Desde as piadas, aos infelizes acontecimentos noticiados pela imprensa, passando pelos arabescos literários de todos as épocas, chegou-se a cristalizar o preconceito de uma compreensão impossível entre homem e mulher. Sem considerações melosas, a vida nos mostra que as discrepâncias são lógicas e, portanto, o sensato a fazer será ter bastante perspicácia para não atolar o ânimo na falta de acordo, mas abrir-se para percorrer o caminho até se chegar a um acordo. São Josemaria aludiu frequentemente a estas situações com sugestões muito concretas sobre esta realidade – tão frequente entre os casais – que chamamos de brigas. A citação se concentra em um aspecto fundamental que aparece nos momentos em que já se perderam os nervos: Porque os perigos de uma zanga estão aí: perder o controle e as palavras podem se encher de amargura, chagando a ofender, e, talvez mesmo sem querer, a ferir e a causar mal.

É necessário aprender a ficar calado – coisa nada fácil, esperar para dizer as coisas de forma positiva e serena. Quando um de nós se zanga, é hora de o outro ser especialmente paciente, até que a calma volte. Se há carinho sincero e preocupação em aumentar esse carinho, é muito difícil que ambos se deixem dominar pelo mau humor ao mesmo tempo...

Algo tão óbvio, mas geralmente esquecido é que devemos nos acostumar a pensar que nunca temos toda a razão. Pode-se até dizer que, em assuntos normalmente opináveis, quanto mais certeza temos de ter toda a razão, é mais certo de que não a temos. Pensando dessa forma, torna-se mais fácil retificar e, se necessário, pedir perdão, que é a melhor maneira de acabar com uma bronca, em vez de elevar as insignificâncias à categoria de universais, ou tirar conclusões extremas. No final do dia, nossas discrepâncias sempre ocorrem com aqueles mais próximos de nós.
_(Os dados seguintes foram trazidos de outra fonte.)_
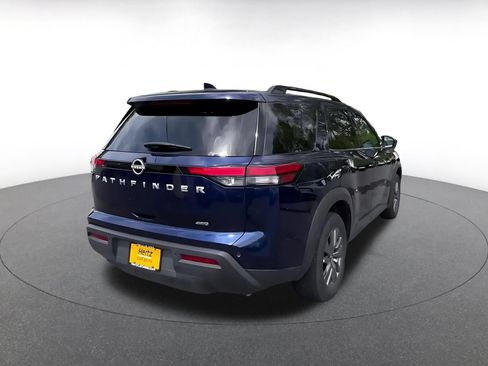 Used 2025 Nissan Pathfinder SV AWD/4WD image 14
Não animo ninguém a brigar, mas é natural que briguemos algumas vezes com aqueles de quem mais gostamos, porque são os que habitualmente vivem conosco. Afinal não se briga com o ‘Preste João das Índias’. Portanto, essas pequenas zangas entre os esposos, se não são frequentes — e é preciso procurar que não o sejam — , não demonstram falta de amor e podem mesmo ajudar a aumentá-lo.
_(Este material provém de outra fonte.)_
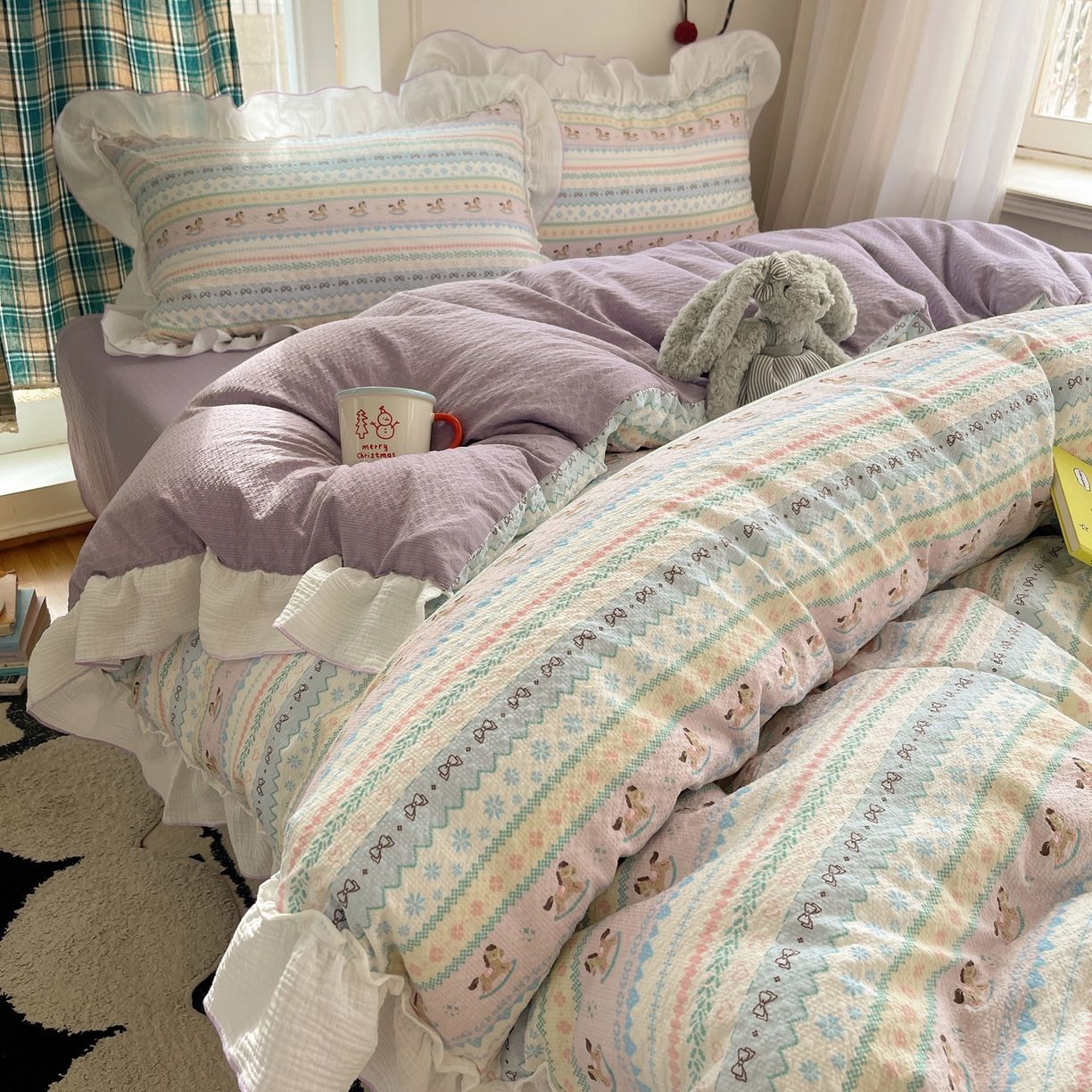 91家纺网 家纺一手货源 找家纺 繁花家居 2026新款韩系花边小碎花泡芙棉云感邹邹纱费尔岛风四件套 小马奔腾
É necessário colocar a dificuldade onde ela se encontra: dentro de cada pessoa. Seria infantil gastar muita energia pesando e medindo as culpas de um e de outro, num constante jogo de tênis. Ficar o dia todo com a balança na mão, para medir “o muito” que damos, não leva a nada. São Josemaria falava do amor a Deus com referência ao amor humano. Quando se ama de verdade, dá-se com alegria, sem fazer contas e sem procurar agradecimento: para a alma, é suficiente então a oportunidade de gastar-se prazerosamente! Não se pensa se já se fez muito ou se custa: no trato com Deus, não se repara nos obstáculos, porque, tal como no amor humano, não há dificuldades nem defeitos que impeçam a conversa com a pessoa amada.
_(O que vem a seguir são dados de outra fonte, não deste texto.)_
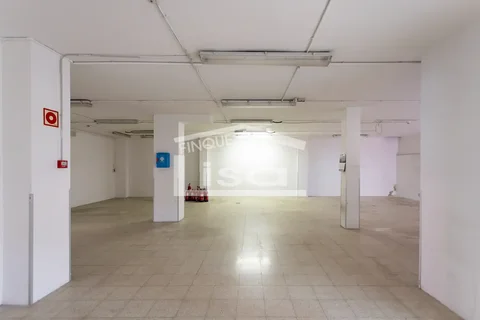 Local comercial en  Carrer de Portugal - Foto 44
Junto com essa atitude quase mercantilista de medir aquilo com que cada cônjuge contribui, há outra opinião muito generalizada que coloca a origem de todo mal na própria instituição que une um homem a uma mulher por toda a vida. É uma abordagem viciada em sua própria raiz. O casamento não é o culpado, mas a garantia de um final feliz. A sabedoria de Deus projetou cada sexo para um relacionamento harmonioso. A partir daí teremos que concluir que todas as decepções e fadigas que atribuímos ao casamento são exatamente aquelas que cada um dos cônjuges projetamos com nossa falta de jeito e falta de amor. Talvez a pergunta deva ser formulada assim: o casamento é duro ou o ser humano é mole? Parece que a conclusão imediata é a fraqueza do ser humano. É verdade, mas comparado a este fato, há outro fato de muito maior importância: que o dom de Jesus Cristo não se esgota na celebração do sacramento do matrimônio, mas acompanha os esposos durante toda a sua vida.